[Items from a data source]
======
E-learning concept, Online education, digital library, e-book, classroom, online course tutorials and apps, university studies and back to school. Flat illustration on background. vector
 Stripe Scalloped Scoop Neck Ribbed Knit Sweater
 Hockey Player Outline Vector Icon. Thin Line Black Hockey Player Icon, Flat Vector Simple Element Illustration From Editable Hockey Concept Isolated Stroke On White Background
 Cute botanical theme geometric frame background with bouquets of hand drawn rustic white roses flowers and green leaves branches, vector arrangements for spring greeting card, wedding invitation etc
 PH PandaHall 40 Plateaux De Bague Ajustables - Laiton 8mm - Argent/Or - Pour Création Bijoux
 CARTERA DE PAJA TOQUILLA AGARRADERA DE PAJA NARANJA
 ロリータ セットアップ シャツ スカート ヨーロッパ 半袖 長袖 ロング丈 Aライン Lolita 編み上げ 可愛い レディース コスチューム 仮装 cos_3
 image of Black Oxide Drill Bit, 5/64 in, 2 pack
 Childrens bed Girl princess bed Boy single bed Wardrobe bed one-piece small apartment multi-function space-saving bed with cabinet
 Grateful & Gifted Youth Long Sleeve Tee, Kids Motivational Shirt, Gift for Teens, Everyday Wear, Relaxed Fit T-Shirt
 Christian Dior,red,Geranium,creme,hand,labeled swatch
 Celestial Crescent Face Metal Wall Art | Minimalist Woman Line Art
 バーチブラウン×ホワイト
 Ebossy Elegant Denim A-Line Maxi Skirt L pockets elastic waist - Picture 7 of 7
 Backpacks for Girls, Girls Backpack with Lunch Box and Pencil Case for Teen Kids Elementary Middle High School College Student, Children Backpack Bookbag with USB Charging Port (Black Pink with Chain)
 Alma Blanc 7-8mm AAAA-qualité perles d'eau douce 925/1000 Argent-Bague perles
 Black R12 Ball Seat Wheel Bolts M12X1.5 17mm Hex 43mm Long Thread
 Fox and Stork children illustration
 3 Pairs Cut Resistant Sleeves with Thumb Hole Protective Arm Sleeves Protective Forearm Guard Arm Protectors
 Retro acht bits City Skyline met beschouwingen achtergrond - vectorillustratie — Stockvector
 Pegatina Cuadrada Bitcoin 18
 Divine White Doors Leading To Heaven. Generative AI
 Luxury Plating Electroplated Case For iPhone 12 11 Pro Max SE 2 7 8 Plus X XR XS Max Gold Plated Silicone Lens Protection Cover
======
• [What the exercise asks]: For the lines above, output exactly those from the line containing "Ebossy Elegant Denim" through the line containing "Divine White Doors", and skip the others.

• [Task answer]:
 Ebossy Elegant Denim A-Line Maxi Skirt L pockets elastic waist - Picture 7 of 7
 Backpacks for Girls, Girls Backpack with Lunch Box and Pencil Case for Teen Kids Elementary Middle High School College Student, Children Backpack Bookbag with USB Charging Port (Black Pink with Chain)
 Alma Blanc 7-8mm AAAA-qualité perles d'eau douce 925/1000 Argent-Bague perles
 Black R12 Ball Seat Wheel Bolts M12X1.5 17mm Hex 43mm Long Thread
 Fox and Stork children illustration
 3 Pairs Cut Resistant Sleeves with Thumb Hole Protective Arm Sleeves Protective Forearm Guard Arm Protectors
 Retro acht bits City Skyline met beschouwingen achtergrond - vectorillustratie — Stockvector
 Pegatina Cuadrada Bitcoin 18
 Divine White Doors Leading To Heaven. Generative AI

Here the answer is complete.